Ремонт ― Сочи ― ремонт
Под Новый год позвали гостей на новоселье. И только подняли бокалы, как вдруг прямо на стол полилась сверху вода. Полезли на чердак и обнаружили, что прямо над нашей комнатой в крыше зияет дыра. На потолке только что отремонтированной комнаты образовалось большое темное пятно. Управдом заявил, что железа для ремонта у него нет. Подставили под дырку корыто, но время от времени, когда весной шли большие дожди, корыто опорожнять не успевали, и вода проливалась в нашу комнату. Только заручившись от управляющего делами ЦК письмом во Фрунзенский райисполком, Ваня получил, наконец, обещание о ремонте «при первой же возможности».

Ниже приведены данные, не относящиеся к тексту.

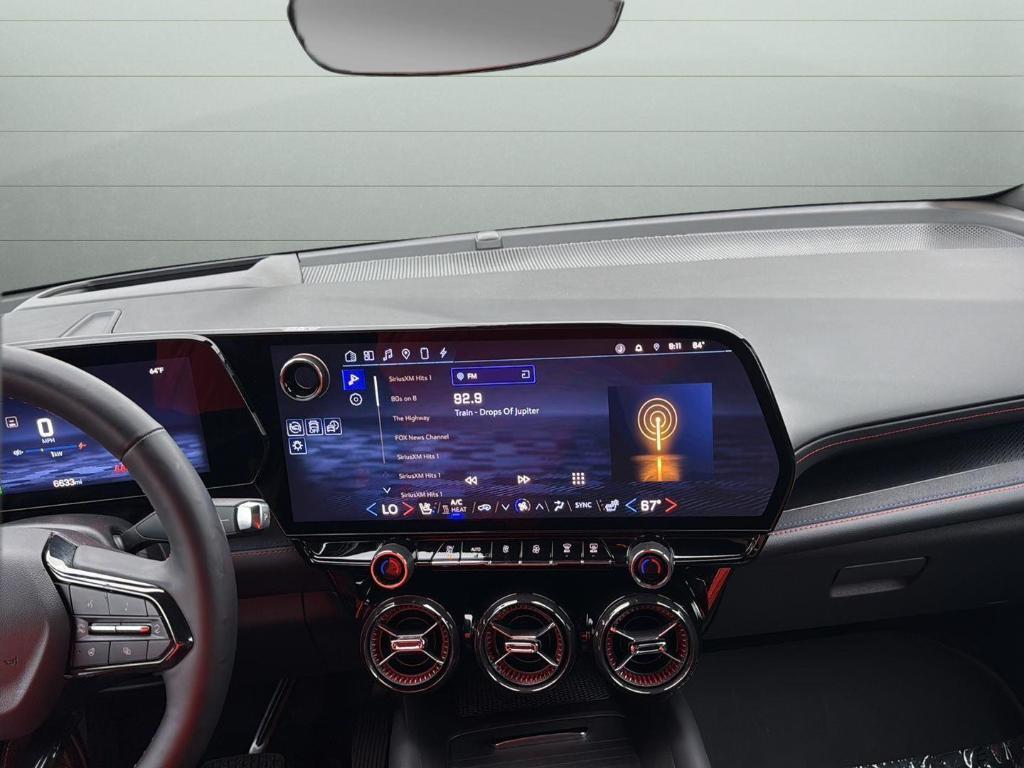 used 2024 Chevrolet Blazer EV car, priced at $27,750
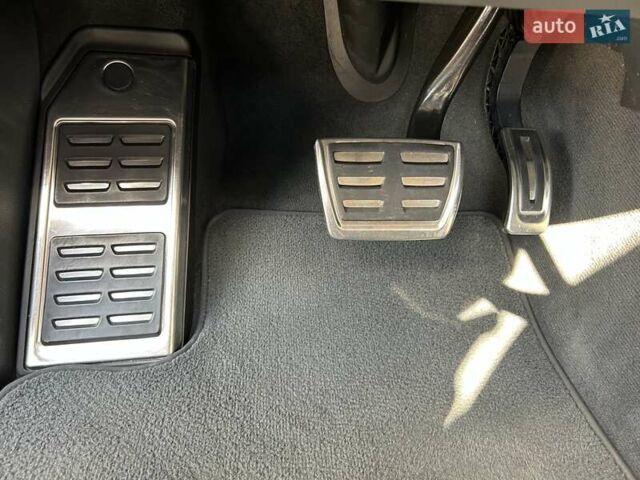 Синий Ауди Ку 7, объемом двигателя 2.97 л и пробегом 244 тыс. км за 39500 $, фото 13 на Automoto.ua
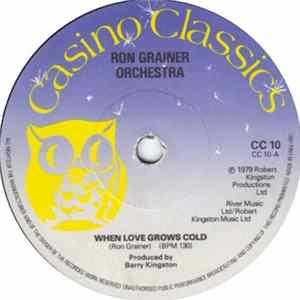 The Ron Grainer Orchestra - When Love Grows Cold FLAC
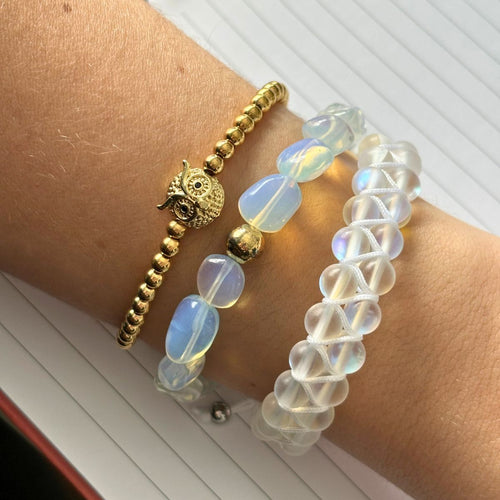 Gold Stacks Lookbook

Няне было трудно одной справляться с маленьким ребенком и с домашними делами, поскольку у каждого из старших детей был свой режим. И девятимесячного Володю мы отдали в районные ясли, благо, они находились рядом с домом. Летом ясли перекочевали на летнюю дачу в Пионерскую. Поезда по Белорусской железной дороге ходили еще паровые, шли медленно, всегда переполненные. Но, несмотря на это, мы ездили в Пионерскую почти каждое воскресенье. Наблюдали за Володей, как правило, лежа под забором, боясь себя обнаружить. Родительский день назначался лишь один раз за лето, в остальное время детей «тревожить» запрещалось.
1-го октября сорок шестого я стала безработной: Совинформбюро ликвидировали, сотрудников уволили. Конечно, война кончилась, но разве информация о нашей стране была уже не нужна? Вероятно, решение о ликвидации было связано с тем, что основные его руководители ― Лозовский и Юзефович ― были арестованы, как и многие другие члены Еврейского комитета. Вскоре мы узнали об их расстреле. Трагическая судьба этих преданных делу людей взволновала всех, кто близко сталкивался с ними по работе и в жизни.